Here, “substantially corresponding in terms of shape” may mean that the sealing element may have small or narrow edge zones which extend beyond the shape of the parting-joint offset but which are of lesser significance in relation to the shape of the parting-joint offset, for example narrow edge regions provided for a screw connection to the housing and/or to the housing elements.


That is to say, an outer diameter of the sealing element is slightly larger than the shape of the parting-joint offset.


Expressed in simplified terms and, for example, illustratively, if the (respective) parting-joint offset is for example formed as a step which runs rectilinearly vertically or so as to be inclined relative to the vertical, then the sealing element which seals off the (or said) parting-joint offset may—correspondingly to the straight vertical or straight inclined profile of the (respective) parting-joint offset—be of rod-shaped or bar-shaped form (“sealing bar”).


Alternatively, if the (respective) parting-joint offset is for example of arcuate form, then the sealing element which seals off the (or said) parting-joint offset may be of correspondingly curved form—corresponding to the curved profile of the parting-joint offset.


Such a design of the sealing element is based on the consideration and realization that the shape of the sealing element, in particular the outer dimension thereof, influences or limits the possible minimum spacing of the shafts which are arranged in the parting joint to both sides of the (respective) parting-joint offset or of the flow-guiding components (spiral housings) arranged on the shaft ends of said shafts—and thus correspondingly the housing or the buildability and flexibility thereof in terms of practicable gearing ratios.


However, if the shape of the outer dimension of the sealing element thus substantially corresponds to the shape of the (respective) parting-joint offset, then the (horizontal) minimum spacing that must be maintained—at the respective parting-joint offset heights—between the shafts or the flow-guiding components (spiral housings) arranged on the shaft ends thereof is minimized.


Even large vertical parting-joint offsets or vertical steps, or vertical parting-joint offsets or vertical steps of virtually any desired size, can thus be realized in parting joints in divisible gearing housings. The number of geared compressors or fluid machines that can be built with such housings is increased; more gearing ratios in such gearings can be realized.


Furthermore, for efficient and long-term operation of the gearing to be accommodated in the divisible housing, the seal, in particular an oil seal for example in the case of oil sump lubrication realized in the housing, of the parting joint is also of major significance, which can be realized in a simple, inexpensive and efficient manner specifically by means of the sealing element according to the invention.


The sealing element discussed here can thus, correspondingly to a straight vertical profile, which is provided in a refinement, of the first and/or second parting-joint offset, be of rod-shaped or bar-shaped form (“sealing bar”).

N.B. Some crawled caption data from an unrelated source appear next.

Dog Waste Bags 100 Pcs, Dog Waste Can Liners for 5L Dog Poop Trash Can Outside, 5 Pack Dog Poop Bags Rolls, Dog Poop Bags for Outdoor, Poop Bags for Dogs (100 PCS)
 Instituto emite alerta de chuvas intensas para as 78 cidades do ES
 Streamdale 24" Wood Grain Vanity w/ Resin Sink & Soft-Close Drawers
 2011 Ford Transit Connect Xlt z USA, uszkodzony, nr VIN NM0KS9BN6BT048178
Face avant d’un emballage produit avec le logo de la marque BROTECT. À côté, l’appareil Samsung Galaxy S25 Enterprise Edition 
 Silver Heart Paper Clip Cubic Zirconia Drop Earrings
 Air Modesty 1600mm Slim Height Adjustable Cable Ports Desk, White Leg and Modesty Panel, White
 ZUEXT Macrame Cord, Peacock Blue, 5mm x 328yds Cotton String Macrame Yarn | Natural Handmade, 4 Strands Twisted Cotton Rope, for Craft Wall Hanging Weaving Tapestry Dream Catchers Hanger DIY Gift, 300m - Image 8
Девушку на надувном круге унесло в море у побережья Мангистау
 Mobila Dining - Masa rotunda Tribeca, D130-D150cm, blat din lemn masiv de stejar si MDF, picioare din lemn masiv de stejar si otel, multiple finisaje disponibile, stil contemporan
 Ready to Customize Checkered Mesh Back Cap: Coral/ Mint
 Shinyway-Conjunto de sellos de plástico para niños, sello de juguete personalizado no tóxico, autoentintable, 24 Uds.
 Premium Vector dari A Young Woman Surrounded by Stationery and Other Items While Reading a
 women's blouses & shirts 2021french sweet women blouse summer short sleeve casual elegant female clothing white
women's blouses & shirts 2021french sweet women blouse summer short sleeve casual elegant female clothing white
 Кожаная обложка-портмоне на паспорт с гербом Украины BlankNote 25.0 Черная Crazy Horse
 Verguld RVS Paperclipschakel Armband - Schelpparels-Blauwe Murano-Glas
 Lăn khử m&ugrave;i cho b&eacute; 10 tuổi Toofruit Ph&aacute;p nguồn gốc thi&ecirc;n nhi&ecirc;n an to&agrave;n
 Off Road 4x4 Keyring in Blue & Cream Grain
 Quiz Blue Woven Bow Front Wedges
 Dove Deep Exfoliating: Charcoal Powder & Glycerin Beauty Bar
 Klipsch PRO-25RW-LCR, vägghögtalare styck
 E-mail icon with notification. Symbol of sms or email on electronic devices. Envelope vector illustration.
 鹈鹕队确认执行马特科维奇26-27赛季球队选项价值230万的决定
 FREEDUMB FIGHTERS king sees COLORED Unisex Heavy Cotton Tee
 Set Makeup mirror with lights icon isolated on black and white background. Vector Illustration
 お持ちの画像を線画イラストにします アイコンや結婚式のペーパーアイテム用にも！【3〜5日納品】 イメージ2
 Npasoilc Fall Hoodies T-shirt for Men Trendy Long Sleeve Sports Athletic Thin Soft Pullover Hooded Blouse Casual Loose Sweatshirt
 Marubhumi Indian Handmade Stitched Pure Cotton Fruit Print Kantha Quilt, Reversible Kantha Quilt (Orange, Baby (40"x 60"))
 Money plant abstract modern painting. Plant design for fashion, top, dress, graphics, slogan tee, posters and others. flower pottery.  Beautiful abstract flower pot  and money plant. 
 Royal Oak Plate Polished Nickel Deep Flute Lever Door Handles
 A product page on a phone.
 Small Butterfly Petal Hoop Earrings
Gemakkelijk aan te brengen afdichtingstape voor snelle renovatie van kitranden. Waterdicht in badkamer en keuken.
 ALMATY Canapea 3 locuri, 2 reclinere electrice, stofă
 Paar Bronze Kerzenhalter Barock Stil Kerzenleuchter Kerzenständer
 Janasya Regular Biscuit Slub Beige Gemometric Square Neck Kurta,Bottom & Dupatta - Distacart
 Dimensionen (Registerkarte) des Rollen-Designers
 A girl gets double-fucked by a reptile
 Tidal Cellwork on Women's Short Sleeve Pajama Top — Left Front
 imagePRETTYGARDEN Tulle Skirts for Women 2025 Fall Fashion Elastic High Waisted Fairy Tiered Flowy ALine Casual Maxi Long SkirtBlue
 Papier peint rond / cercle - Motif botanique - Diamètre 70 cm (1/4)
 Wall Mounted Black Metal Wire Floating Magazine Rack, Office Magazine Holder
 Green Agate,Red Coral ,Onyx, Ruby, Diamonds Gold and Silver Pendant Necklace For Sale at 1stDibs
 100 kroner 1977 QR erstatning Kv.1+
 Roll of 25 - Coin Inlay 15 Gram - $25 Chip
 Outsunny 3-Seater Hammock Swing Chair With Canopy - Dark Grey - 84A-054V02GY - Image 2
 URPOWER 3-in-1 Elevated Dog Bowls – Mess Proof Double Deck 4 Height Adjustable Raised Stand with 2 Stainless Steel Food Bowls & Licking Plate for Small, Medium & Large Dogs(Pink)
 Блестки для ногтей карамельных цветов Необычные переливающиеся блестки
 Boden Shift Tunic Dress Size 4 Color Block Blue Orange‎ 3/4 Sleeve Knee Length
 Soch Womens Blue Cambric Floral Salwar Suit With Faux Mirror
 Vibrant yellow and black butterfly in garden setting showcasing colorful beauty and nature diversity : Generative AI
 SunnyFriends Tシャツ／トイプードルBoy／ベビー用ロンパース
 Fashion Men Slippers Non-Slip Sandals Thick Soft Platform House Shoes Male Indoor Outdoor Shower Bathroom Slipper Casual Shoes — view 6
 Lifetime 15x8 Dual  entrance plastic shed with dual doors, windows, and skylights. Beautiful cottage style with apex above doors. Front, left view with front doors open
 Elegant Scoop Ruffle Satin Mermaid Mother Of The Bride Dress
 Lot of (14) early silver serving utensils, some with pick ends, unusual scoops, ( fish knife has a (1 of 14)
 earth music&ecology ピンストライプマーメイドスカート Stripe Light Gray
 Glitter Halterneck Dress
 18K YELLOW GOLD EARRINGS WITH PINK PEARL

A sealing bar of said type is of extremely compact construction in a horizontal direction—if, correspondingly to the first or second parting-joint offset formed as a step, said sealing bar is arranged vertically (so as to seal off the parting-joint offset), whereby the structural space requirement in said direction is as small as possible.


In another refinement, it is provided that the sealing element is composed of metal, in particular of aluminum.


Furthermore, in one refinement, it may be provided that the sealing element is arranged over the first and/or second parting-joint offset, in particular in a manner screwed to the housing elements and/or recessed in the first and/or second parting-joint offset.


The production of a sealing element seat on the gearing housing or parting-joint offset is advantageously performed during the spindling-out of the receptacles or bearing seats (for the pinion shafts) and does not necessitate a further machining step. Owing to the recessed arrangement of the sealing element, the latter does not pose an obstruction to adjacent components; a device for spiral setting can still be mounted.


In a particular refinement, it is provided that the sealing element is arranged so as to completely cover the first and/or second parting-joint offset.


In another refinement, it is provided that the sealing element has at least one recess which is open on one side (open screw seat), using which recess said sealing element can be screwed to one of the housing elements.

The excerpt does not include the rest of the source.